Attorney, Agent or Firm: Oliff & Berridge, P.L.C.
Claims
What is claimed is:
1. A guide gib structure for slide guides in a mechanical press for metal
working in which a press slide is reciprocally moved vertically by a drive
source along a pair of parallel spaced, opposed uprights in a space
between said uprights, and a direction of a depth of the mechanical press
for metal working being represented by an X-axis while a direction of a
width thereof perpendicular to the depthwise direction being represented
by a Y-axis;
wherein a pair of said slide guides are provided at each of front and rear
sides of the mechanical press for metal working, respectively, and are
mounted respectively on said uprights to extend in a direction of movement
of the press slide, and said pair of slide guides which is provided at one
of the front and rear sides of the mechanical press for metal working,
constitutes a pair of guide gibs, said guide gibs being movable back and
forth in a direction perpendicular to the direction of movement of the
press slide so that their position can be adjusted;
wherein each of said guide gibs has a first inclined guide surface in
contact with a sliding surface of the press slide, said first inclined
guide surface being inclined with respect to said X-axis and said Y-axis
in a horizontal cross-section of said guide gibs;
wherein each of said guide gibs is fixed along a surface of said uprights
in such a manner that the position of said guide gibs can be adjusted in
said X-axis direction;
wherein wedge blocks are mounted on said uprights corresponding to at least
two positions in a longitudinal direction of each of said guide gibs so as
to adjust the position of each of said guide gibs;
wherein each of said wedge blocks is movable back and forth in said Y-axis
direction, and can be fixed at an arbitrary position, and a side surface
of each of said wedge blocks in contact with each of said guide gibs is
formed as a wedge inclined surface, and a side surface of each of said
guide gibs, engaging said wedge inclined surface, is formed as a second
inclined surface;
wherein each of said wedge blocks, except a head portion thereof having a
wedge effect, is received in a hole formed in said uprights so that each
of said wedge blocks can be movable in said Y-axis direction, a set screw
has a flange for determining the position of a distal end of each of said
wedge blocks in said Y-axis direction and extends through each of said
wedge blocks for rotation and axial movement, said set screw is screwed
into a threaded hole extending axially from said hole in said uprights, a
nut is fitted on a threaded head portion of said set screw, and the
position of each of said wedge blocks in said Y-axis direction is
determined by the position of said nut in a longitudinal direction of said
set screw and the position of said flange in said Y-axis direction so as
to determine the position of said wedge inclined surface of each of said
wedge blocks; and
wherein the position of each of said guide gibs in said X-axis direction is
determined by the engagement between said second inclined surface and said
wedge inclined surface.
Description
BACKGROUND OF THE INVENTION
1. Field of the Invention
This invention relates to a guide gib structure for a press slide of a
mechanical press for metal working of the type in which the press slide is
reciprocally moved vertically (that is, upward and downward) along a pair
of parallel spaced, opposed uprights in a space between these uprights of
frame (not shown).
2. Description of the Related Art
In such mechanical press for metal working a pair of slide guides are
provided at each of front and rear sides of the mechanical press for metal
working, and are mounted respectively on a pair of opposed uprights to
extend in a direction of movement of a press slide. The press slide is
reciprocally moved vertically while guided by these slide guides. The pair
of slide guides, which is provided at any one of the front and rear sides
of the mechanical press for metal working, can be adjusted in position so
that they are movable back and forth in a direction perpendicular to the
direction of movement of the press slide. That is, in a direction of the
depth of the mechanical press for metal working. These slide guides whose
position can be adjusted are commonly referred to as "guide gib".

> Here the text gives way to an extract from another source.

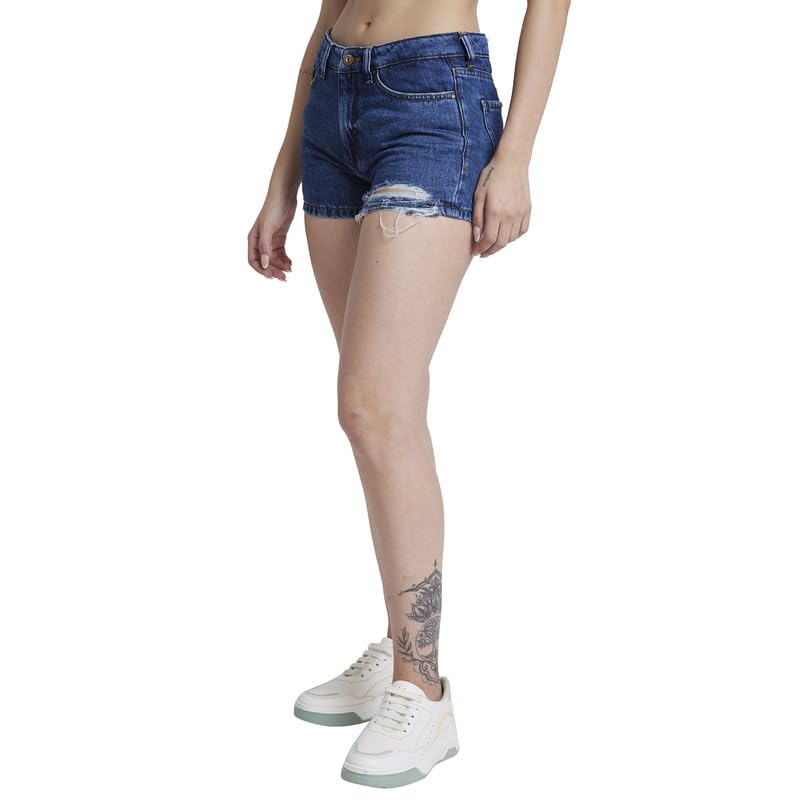 Image of Spykar Women Dark Blue Cottom Slim Fit Above Knee Length Denim Shorts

FIG. 5 is a transverse cross-sectional view of one such conventional guide
gib in a plane perpendicular to a direction of movement of a press slide.

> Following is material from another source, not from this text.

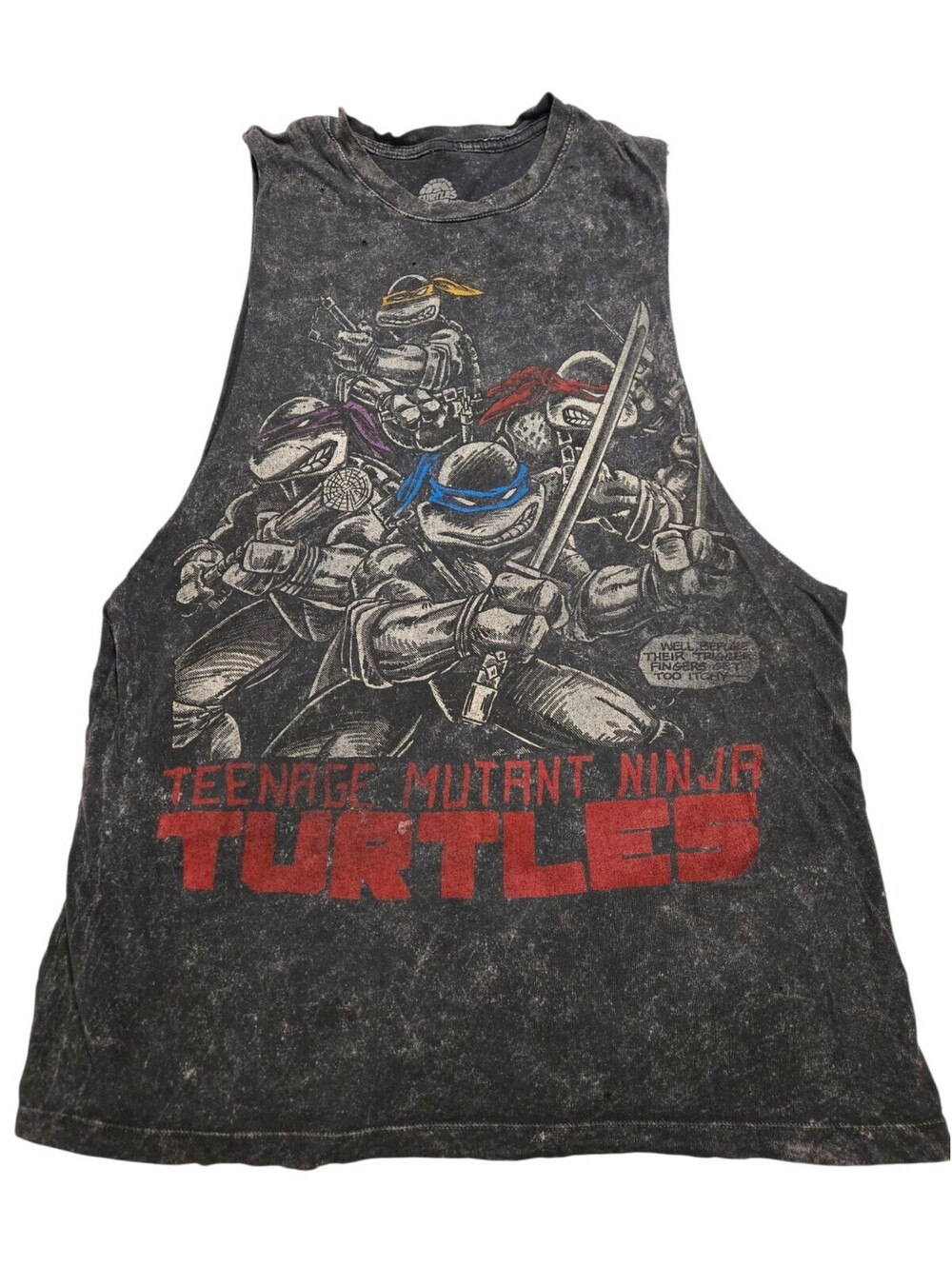 VTG TMNT Teenage Mutant Ninja Turtles Muscle Tank Top Graphic Tee Acid Wash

In FIG. 5, the guide gib 102 of a triangular cross-section is positioned
in a space of a triangular cross-section defined by two surfaces 103a and
103b of a frame 103 and an inclined sliding surface 101a of the press
slide 101. Assuming that a direction of the depth of a mechanical press
for metal working is represented by an X-axis while a direction of the
width thereof perpendicular to this depthwise direction is represented by
a Y-axis, the guide gib 102 has an inclined guide surface 102a in sliding
contact with the inclined sliding surface 101a, and this inclined guide
surface 102a is inclined at an angle of about 60.degree. with respect to
the X-axis. A plurality of set screws 104 are mounted on the upright 103
in perpendicular relation to a surface 102b of the guide gib 102. The set
screws 104 move the guide gib 102 in the Y-axis direction, thereby
adjusting a clearance or gap between the inclined sliding surface 101a of
the press slide 101 and the inclined guide surface 102a of the guide gib
102, and then the guide gib 102 is fixed to the upright 103 by fastening
bolts 105. In this guide gib structure, the bearing pressure of those
portions (bearing portions) of the surface 102b of the guide gib 102
against which the set screws 104 abut, respectively, is higher than the
bearing pressure of the remainder of the surface 102b, and therefore each
of these bearing portions is liable to become a non-flat surface including
many pits and projections, and besides there is encountered a problem that
the fastening bolts 105 are liable to become loosened. A further problem
is that since the amount of movement (that is, the amount of adjustment)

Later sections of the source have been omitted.